A quirky Norwegian film that follows Alma (Helene Bergsholm) over the course of a particularly trying couple of months during the dog days leading up to her 16th birthday. Possessed by hormones, she gets busted for racking up phone-sex charges (we first meet her, mid-purchase, on the kitchen floor), rides rolls of coins when the register gets slow at work, and slips into erotic daydreams about virtually everyone she encounters in her tiny Norwegian village. Dammit doesn't need to say much about horny teenage girls other than, unapologetically, that they exist, and can do so without conforming to the dead stock of bad girl associations–Alma's a sweet, ballsy, normal girl who shoulder taps for beer and shares a ritual with her friends in which they religiously flip off the road sign for their hometown every time they pass it. While the ending is a bit too pattingly winking and cute, Dammit tells its short, forthright tale briskly and with a curtsy before moving off stage right. MARJORIE SKINNER Clinton Street Theater.

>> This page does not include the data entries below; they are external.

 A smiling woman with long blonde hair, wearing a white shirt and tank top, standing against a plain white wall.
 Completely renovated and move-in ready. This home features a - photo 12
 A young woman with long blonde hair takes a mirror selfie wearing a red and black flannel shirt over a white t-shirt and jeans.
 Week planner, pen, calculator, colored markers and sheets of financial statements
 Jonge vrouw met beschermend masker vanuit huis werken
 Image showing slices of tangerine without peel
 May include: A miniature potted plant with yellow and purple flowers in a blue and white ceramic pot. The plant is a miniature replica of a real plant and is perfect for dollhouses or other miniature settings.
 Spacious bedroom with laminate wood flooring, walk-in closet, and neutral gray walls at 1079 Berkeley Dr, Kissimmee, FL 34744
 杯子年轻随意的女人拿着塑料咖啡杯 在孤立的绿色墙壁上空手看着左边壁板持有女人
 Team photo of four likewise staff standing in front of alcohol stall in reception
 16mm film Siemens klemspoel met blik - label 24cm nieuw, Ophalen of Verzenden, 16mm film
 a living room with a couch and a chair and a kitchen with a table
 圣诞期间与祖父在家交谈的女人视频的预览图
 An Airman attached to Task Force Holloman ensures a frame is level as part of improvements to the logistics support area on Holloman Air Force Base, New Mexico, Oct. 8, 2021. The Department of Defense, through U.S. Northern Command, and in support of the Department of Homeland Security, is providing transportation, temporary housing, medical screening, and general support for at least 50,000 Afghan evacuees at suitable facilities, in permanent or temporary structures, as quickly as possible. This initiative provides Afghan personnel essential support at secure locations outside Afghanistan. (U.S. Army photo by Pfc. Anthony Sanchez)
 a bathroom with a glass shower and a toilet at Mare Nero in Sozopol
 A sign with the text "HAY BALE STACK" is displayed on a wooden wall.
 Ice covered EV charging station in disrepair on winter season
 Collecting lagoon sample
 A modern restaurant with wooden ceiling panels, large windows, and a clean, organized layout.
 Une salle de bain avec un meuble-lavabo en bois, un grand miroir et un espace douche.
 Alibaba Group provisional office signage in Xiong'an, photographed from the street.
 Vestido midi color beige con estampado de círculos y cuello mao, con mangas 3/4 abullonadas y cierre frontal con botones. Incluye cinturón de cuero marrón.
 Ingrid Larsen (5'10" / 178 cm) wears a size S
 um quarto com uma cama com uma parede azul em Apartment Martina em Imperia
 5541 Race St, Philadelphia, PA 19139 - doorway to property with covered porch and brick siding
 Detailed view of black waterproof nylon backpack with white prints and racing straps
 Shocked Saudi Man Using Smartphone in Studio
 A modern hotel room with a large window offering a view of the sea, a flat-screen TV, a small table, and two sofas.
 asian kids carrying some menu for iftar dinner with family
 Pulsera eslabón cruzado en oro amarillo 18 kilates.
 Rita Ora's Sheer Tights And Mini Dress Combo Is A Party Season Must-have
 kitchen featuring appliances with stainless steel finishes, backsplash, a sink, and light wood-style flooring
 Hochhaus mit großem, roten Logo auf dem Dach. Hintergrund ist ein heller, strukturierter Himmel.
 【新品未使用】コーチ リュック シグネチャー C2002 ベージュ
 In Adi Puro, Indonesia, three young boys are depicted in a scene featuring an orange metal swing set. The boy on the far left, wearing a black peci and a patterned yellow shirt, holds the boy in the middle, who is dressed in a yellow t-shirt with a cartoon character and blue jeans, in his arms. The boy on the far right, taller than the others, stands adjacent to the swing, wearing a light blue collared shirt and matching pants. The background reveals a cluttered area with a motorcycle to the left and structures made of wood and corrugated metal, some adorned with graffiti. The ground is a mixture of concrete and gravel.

"Take this quarter, go downtown, and have a rat gnaw that thing off your face! Good day to you, madam." Laurelhurst Theater.
Will the Real Terrorist
Please Stand Up?
A documentary about "half a century of hostile US-Cuba relations" and "the Cuban Five, intelligence agents sent to penetrate Cuban exile terrorist groups in Miami [who are] now serving long prison sentences." EMINEM. SIT BACK DOWN. THIS ISN'T ABOUT YOU. Clinton Street Theater.